Give only the number of lines in the data that contain the word "Bild".

>>>>

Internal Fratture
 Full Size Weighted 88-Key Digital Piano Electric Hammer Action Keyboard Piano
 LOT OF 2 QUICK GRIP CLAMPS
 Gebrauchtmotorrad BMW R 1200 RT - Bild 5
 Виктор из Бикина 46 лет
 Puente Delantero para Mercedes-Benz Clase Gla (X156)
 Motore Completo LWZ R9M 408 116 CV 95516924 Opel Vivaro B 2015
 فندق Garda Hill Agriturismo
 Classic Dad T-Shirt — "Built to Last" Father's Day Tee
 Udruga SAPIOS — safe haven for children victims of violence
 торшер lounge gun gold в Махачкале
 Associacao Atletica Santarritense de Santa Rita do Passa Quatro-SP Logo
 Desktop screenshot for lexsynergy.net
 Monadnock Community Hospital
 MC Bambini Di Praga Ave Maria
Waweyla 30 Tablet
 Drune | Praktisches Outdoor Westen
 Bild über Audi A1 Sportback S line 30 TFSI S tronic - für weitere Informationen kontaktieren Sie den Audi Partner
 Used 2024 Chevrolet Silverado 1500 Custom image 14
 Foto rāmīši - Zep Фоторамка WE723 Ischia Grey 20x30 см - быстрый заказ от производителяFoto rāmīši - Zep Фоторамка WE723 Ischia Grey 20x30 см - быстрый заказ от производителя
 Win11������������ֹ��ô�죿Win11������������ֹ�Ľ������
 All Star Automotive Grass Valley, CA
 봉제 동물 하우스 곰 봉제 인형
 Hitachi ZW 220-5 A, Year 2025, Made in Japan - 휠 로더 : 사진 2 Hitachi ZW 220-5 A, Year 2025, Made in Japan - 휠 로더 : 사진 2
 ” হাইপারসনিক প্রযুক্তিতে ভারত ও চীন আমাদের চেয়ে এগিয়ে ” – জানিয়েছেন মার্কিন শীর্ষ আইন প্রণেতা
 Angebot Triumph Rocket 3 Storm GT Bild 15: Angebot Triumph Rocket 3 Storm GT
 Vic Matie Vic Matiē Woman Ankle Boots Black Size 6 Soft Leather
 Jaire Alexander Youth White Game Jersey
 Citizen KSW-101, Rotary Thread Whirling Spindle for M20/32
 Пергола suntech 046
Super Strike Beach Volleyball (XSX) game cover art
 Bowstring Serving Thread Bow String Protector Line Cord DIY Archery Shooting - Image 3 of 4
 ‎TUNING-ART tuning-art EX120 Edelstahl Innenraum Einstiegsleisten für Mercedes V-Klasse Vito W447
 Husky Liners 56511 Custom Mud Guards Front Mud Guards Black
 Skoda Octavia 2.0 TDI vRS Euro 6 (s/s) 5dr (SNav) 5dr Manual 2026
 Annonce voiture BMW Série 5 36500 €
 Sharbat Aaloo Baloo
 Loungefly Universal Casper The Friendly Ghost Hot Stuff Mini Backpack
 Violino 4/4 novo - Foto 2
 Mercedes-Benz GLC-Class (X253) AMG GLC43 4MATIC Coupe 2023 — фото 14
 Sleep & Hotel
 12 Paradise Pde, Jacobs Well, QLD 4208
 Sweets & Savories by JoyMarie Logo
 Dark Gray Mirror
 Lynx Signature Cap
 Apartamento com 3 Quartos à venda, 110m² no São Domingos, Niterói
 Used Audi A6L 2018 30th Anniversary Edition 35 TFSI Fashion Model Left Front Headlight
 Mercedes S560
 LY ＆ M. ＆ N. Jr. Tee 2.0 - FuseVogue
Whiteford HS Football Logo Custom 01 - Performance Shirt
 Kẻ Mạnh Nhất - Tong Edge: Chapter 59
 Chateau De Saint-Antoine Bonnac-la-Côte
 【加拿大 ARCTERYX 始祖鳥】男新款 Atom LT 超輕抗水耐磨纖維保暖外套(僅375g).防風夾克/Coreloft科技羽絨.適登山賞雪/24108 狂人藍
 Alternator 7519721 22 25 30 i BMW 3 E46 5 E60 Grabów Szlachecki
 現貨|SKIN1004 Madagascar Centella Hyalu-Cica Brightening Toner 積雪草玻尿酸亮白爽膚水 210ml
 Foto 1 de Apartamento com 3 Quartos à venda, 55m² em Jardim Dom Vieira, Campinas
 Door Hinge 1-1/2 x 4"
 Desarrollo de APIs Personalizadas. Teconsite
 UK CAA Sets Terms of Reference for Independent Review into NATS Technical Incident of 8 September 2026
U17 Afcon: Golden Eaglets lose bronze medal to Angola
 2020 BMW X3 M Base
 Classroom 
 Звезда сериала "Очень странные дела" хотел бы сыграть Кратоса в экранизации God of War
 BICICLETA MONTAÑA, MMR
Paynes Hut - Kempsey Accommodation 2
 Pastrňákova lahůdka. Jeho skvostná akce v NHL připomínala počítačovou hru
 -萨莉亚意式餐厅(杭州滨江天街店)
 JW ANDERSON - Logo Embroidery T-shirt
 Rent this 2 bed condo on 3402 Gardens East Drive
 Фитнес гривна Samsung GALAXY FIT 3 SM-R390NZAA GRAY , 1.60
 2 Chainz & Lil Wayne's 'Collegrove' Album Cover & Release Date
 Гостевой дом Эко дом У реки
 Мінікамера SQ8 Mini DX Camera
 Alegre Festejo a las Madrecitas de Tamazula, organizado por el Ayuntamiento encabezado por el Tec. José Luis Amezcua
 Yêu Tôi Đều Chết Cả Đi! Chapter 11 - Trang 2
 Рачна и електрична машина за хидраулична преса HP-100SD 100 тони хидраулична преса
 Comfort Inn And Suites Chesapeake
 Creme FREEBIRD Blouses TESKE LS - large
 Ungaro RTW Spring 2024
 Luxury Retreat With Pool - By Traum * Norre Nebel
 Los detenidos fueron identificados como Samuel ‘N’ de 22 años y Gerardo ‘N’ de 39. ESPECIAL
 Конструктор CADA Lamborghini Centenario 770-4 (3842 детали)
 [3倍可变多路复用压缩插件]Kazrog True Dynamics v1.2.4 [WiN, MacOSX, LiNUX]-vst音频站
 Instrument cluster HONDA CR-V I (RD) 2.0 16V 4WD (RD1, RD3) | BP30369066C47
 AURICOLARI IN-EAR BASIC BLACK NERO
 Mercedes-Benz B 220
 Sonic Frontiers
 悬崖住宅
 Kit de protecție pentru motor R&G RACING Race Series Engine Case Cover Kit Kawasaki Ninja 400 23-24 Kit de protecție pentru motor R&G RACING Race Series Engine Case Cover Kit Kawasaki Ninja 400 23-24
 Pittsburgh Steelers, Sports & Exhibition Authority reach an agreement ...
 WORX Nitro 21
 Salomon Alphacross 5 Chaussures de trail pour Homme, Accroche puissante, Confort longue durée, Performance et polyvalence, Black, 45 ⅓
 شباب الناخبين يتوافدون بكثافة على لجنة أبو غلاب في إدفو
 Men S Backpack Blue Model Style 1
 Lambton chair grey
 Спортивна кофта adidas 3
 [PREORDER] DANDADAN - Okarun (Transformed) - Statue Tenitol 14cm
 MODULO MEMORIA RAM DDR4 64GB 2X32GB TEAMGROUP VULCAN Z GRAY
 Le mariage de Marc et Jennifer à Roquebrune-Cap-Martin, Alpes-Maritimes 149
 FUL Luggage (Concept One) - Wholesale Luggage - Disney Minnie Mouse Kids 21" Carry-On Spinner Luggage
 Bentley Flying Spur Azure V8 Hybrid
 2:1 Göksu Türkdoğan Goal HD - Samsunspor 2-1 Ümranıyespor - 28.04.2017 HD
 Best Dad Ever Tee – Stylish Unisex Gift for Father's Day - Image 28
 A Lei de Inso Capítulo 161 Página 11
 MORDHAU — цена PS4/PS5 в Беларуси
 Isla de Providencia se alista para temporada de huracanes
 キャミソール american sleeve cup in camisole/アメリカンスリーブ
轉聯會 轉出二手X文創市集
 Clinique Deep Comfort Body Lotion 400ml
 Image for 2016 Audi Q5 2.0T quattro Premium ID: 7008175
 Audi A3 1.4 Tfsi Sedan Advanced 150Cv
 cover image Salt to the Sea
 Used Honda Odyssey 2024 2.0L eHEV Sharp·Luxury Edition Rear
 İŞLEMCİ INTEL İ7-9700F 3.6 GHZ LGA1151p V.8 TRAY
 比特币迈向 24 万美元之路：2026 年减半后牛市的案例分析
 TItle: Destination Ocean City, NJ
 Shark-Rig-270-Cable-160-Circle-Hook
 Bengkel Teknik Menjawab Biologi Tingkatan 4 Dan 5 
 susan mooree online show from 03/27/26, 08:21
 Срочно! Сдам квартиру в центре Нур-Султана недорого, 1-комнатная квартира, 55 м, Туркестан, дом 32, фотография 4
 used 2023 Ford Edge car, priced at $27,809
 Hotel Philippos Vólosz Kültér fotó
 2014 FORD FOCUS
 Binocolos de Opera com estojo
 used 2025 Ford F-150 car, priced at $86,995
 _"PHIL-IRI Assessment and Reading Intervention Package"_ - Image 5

<<<<

# SOLUTION FOR THIS PROBLEM
3